Una musica squisitamente europea che ha, comunque, attraversato l’Atlantico fino a New York e Detroit, dove i giovani, prevalentemente di colore, della nascente scena electro/techno ballavano con fervore sotto il colpi e i clangori ideati dai Kraftwerk.
Negli Stati Uniti, da brani come Trans-Europa Express e Numbers, nacque il “Planet Rock” che è uno dei cilindri dell’hip-hop. Numerosi anche le cover di gruppi heavy metal e industriali come quello notevole della band slovena The One You Love.

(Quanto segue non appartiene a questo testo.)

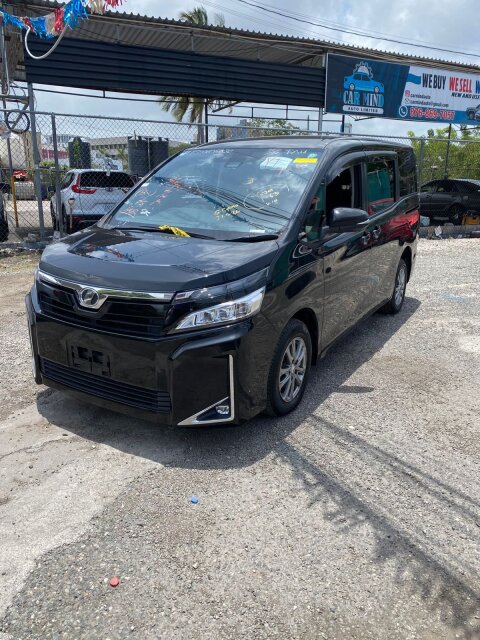 2018 Toyota Voxy Cars New Kingston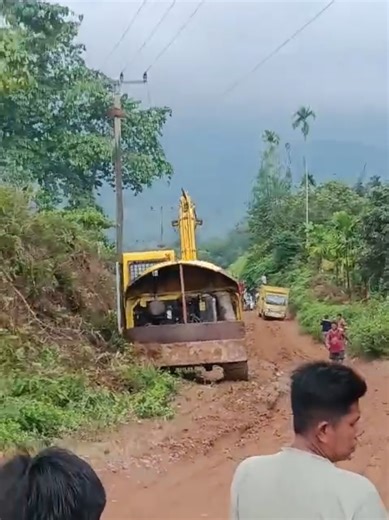 proses perbaikan jalan wayahna,way gendot #jalanrusak #waygendot #jalanrusaklampung #laporanterkini #jalanjelek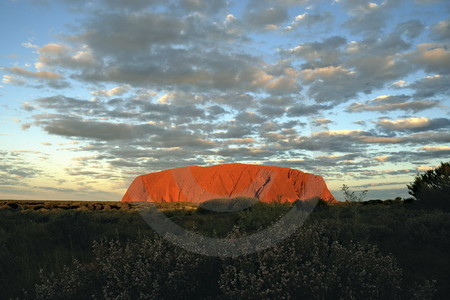 Der Uluru im Abendlicht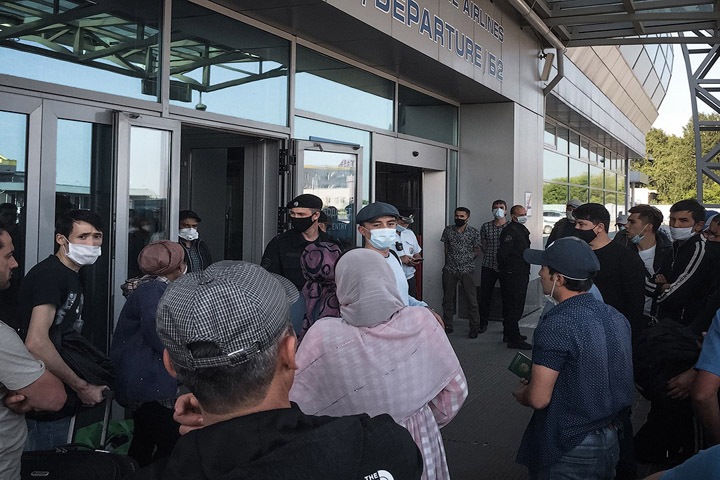Очередной вывозной рейс заберет застрявших в Сибири из-за закрытия границ узбекистанцев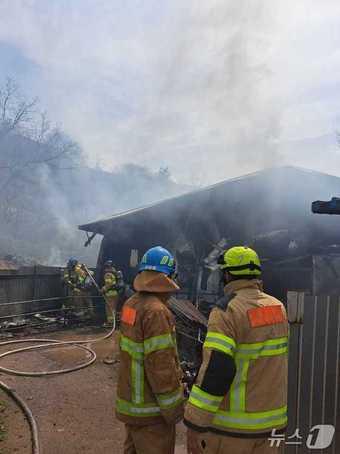 본문 이미지 - 강원 원주 지정면 판대리 돈사 화재 현장.(강원도소방본부 제공, 재판매 및 DB금지)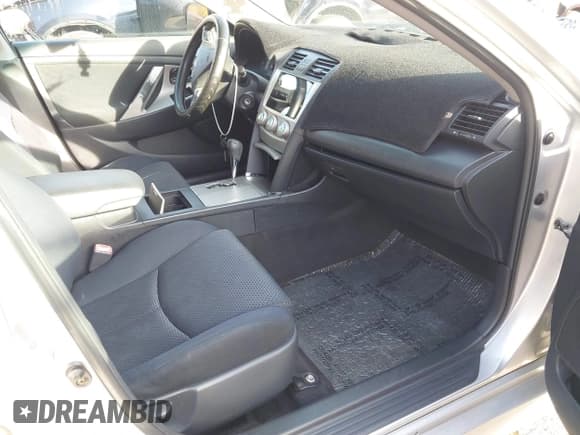 ✅ 2007 Toyota Camry LE • VIN: 4T1BE46K77U527946 • Lot: 43636757. Wystawiony na IAAI z przebiegiem 133 445 mil. Bezpłatny archiwum sprzedaży aukcyjnych z USA i szczegółowy raport historii pojazdu na DreamBid. Zdjęcie 5.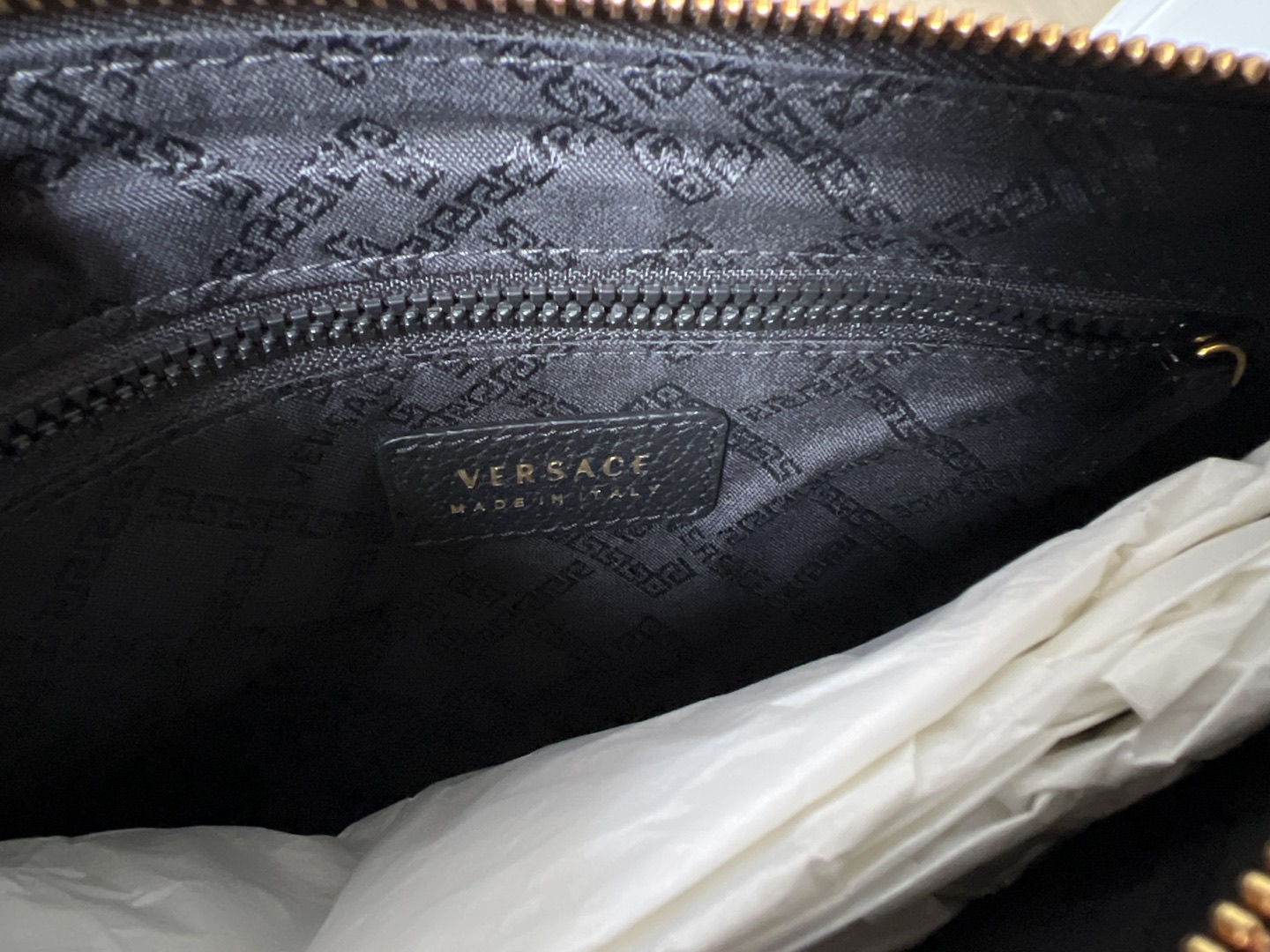 Versace Calf Leather small pouch/purse/handbag image indicator(6)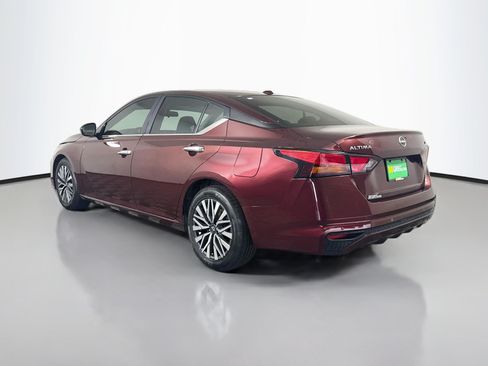 Used 2023 Nissan Altima 2.5 SV FWD image 7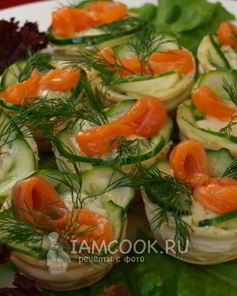 Тарталетки с красной рыбой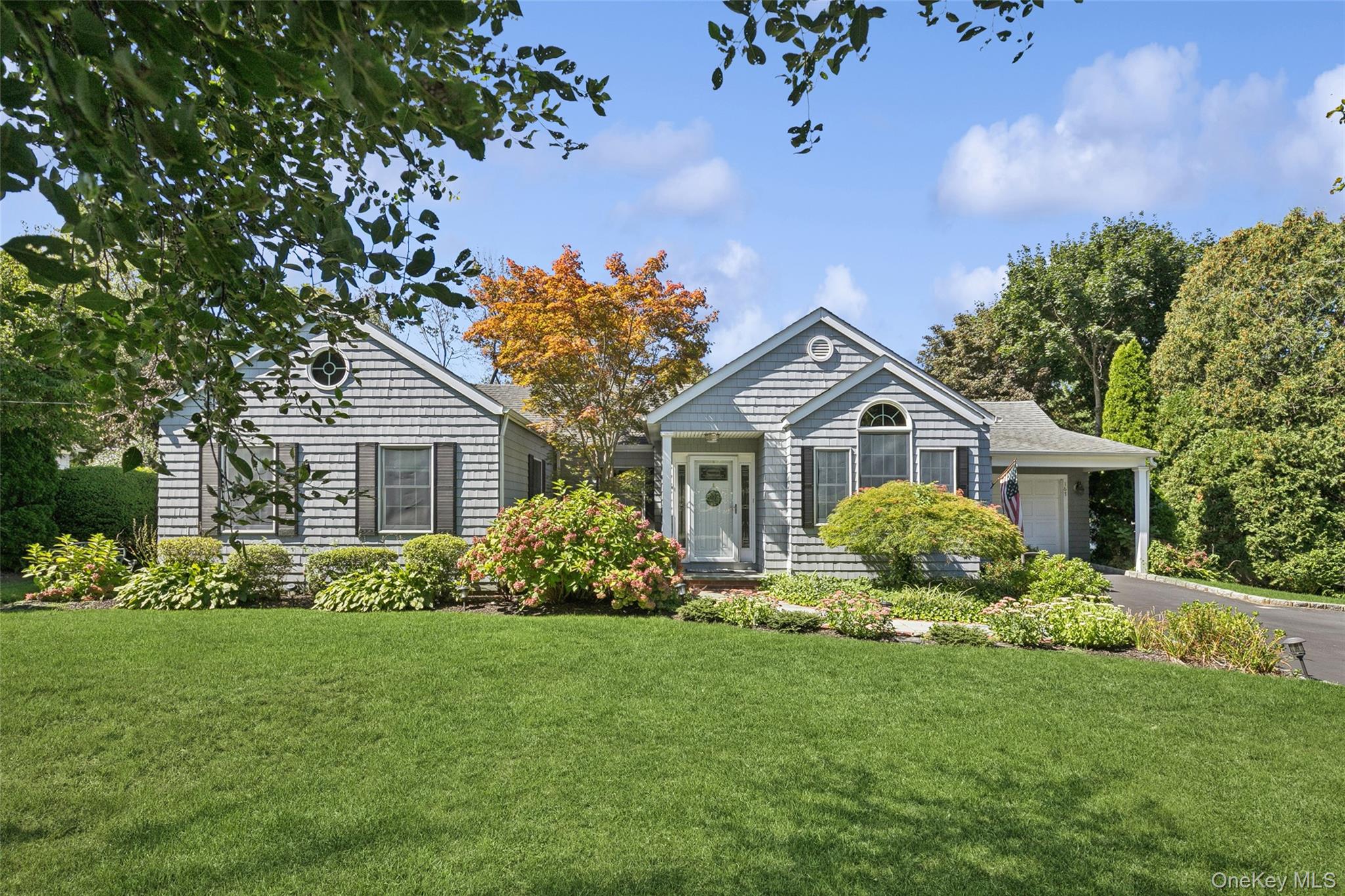 #1 photo, 167 Huntington Bay Road, Huntington , NY 11743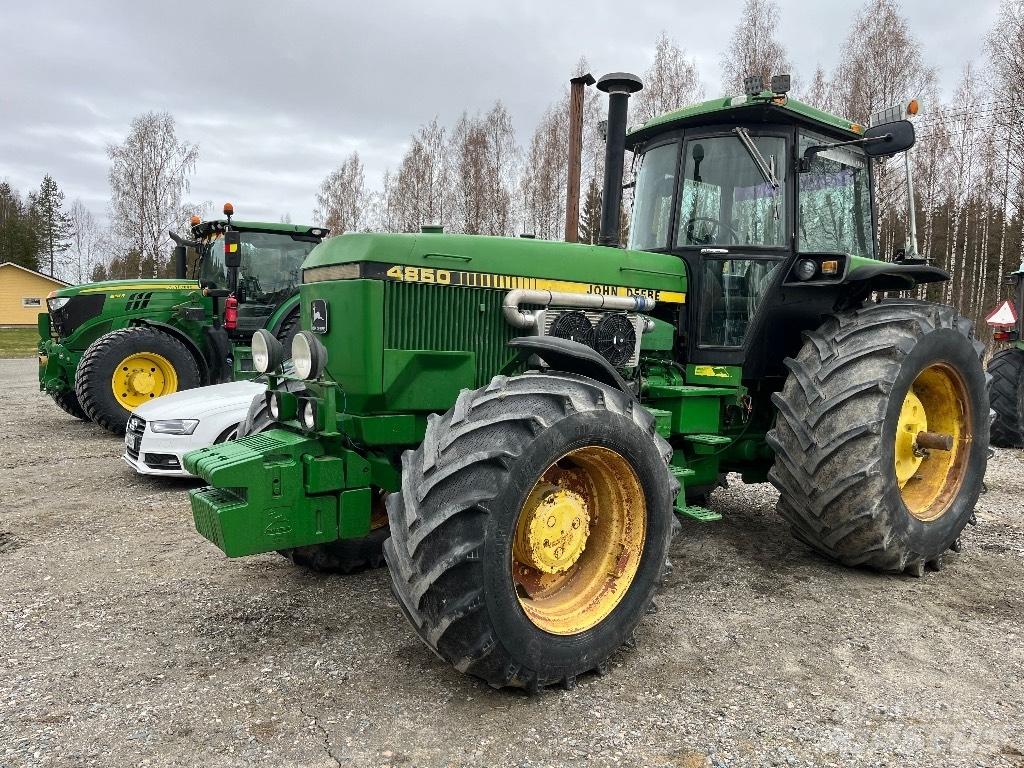 John Deere 4850 トラクター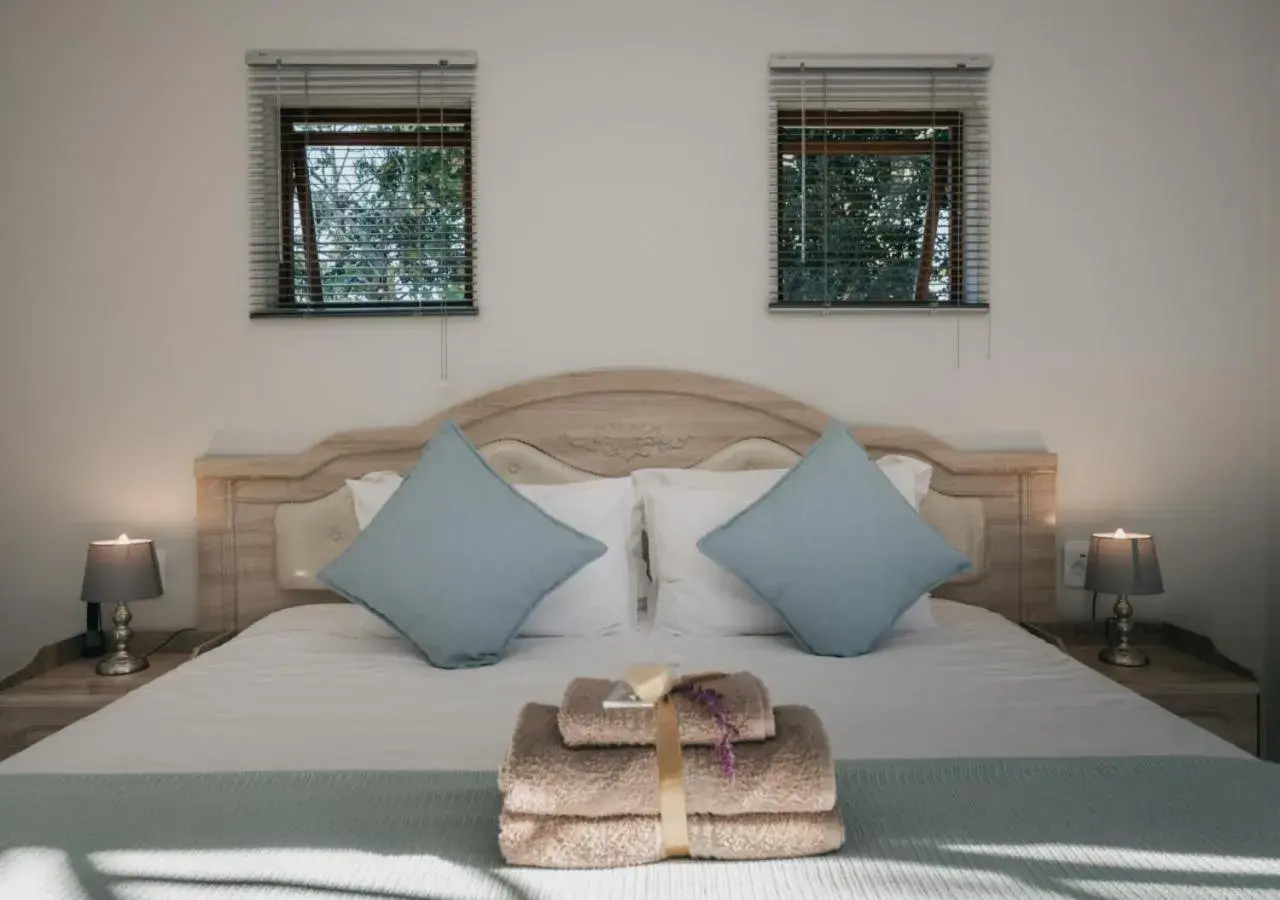 Bedroom, Bed in The Village Lodge Bedroom, Bed in The Village Lodge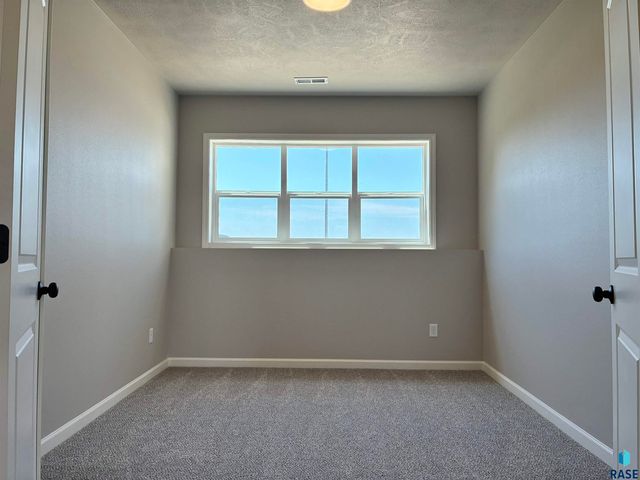 2009 N Goldberg Cir Circle, Sioux Falls, SD 57107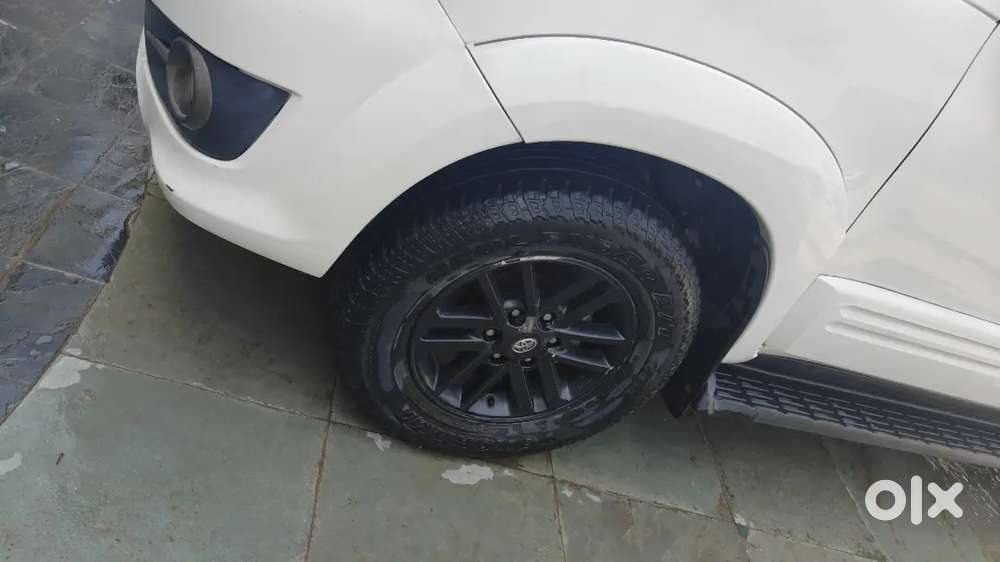Toyota Fortuner Diesel 2013 Variant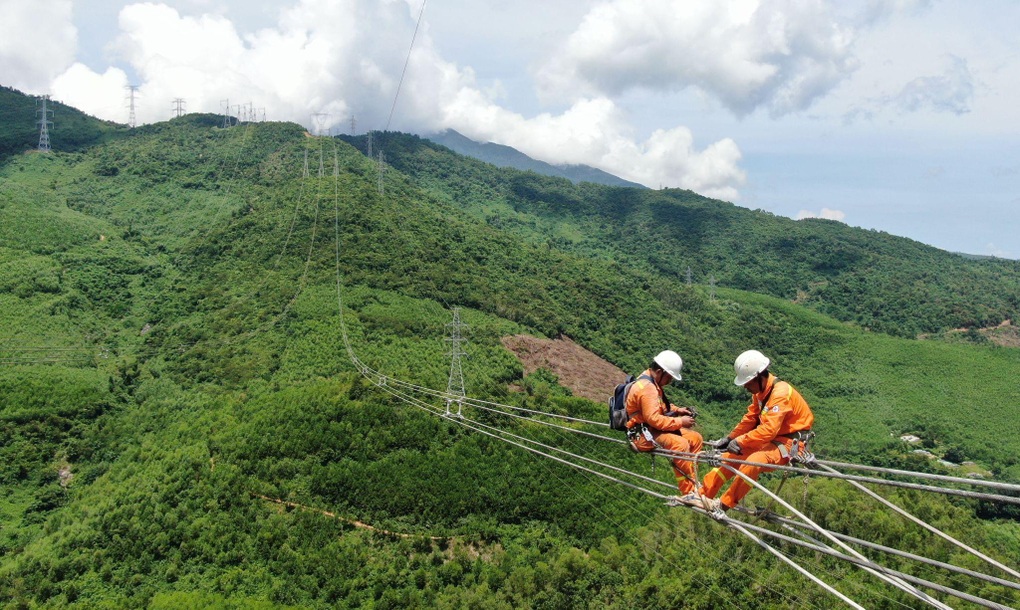 Đường dây 500kV Bắc - Nam mở đầu cho hiện đại hóa hệ thống truyền tải quốc gia - 3 Đường dây 500kV Bắc - Nam mở đầu cho hiện đại hóa hệ thống truyền tải quốc gia - 3
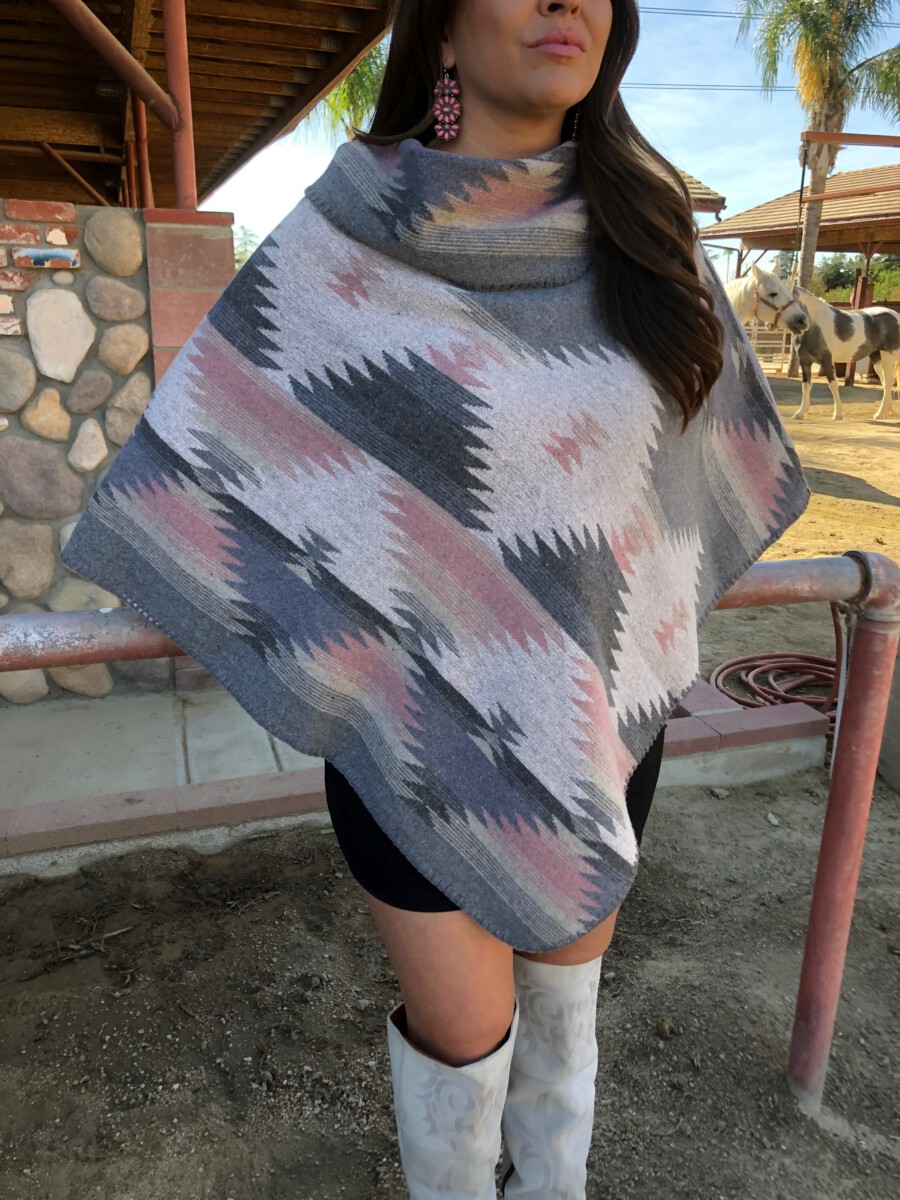 "Stylish Aztec"Western Pattern Poncho ( Pink )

I Trans Europe Express propriamente detti hanno cessato di correre e hanno lasciato il passo ai più prosaici Treni ad Alta Velocità. Ma i Kraftwerk continuano a farli viaggiare in Europa e in America e pur essendo rimasto solo Hütter, della band originaria, continuano ad essere una fonte d’energia rinnovabile.
Un momento…
Abbiamo anche noi un bellissimo pezzo ferroviario. Effettivamente non strepita né sferraglia come il TEE, ma è un “mostro che divorava la pianura”. Sapete sicuramente di che cosa sto parlando. Se non lo avete intuito andate qui.
Prima di andare
Zero plastica. In questi giorni ci è stato consegnato nel nostro spazio all’Impact Hub di Firenze un nuovo iMac. Nell’imballo altamente ingegnerizzato non c’è un millimetro quadrato di plastica. Tutti i contenitori e i rivestimenti sono in cartone o cartoncino con chiusure a incastro. I cavi sono in tessuto intrecciato. L’hardware è in titanio. Stupefacente!
Co-working. Le aziende stanno verificando quando sia problematico riportare le persone in ufficio. Molti non vogliono più lavorare né in ufficio, né in cucina Vogliono lavorare in un terzo spazio a 10 minuti di cammino da casa. Cos’è mai questo terzo spazio? È un co-working. Leggete quello che sta succedendo a Londra.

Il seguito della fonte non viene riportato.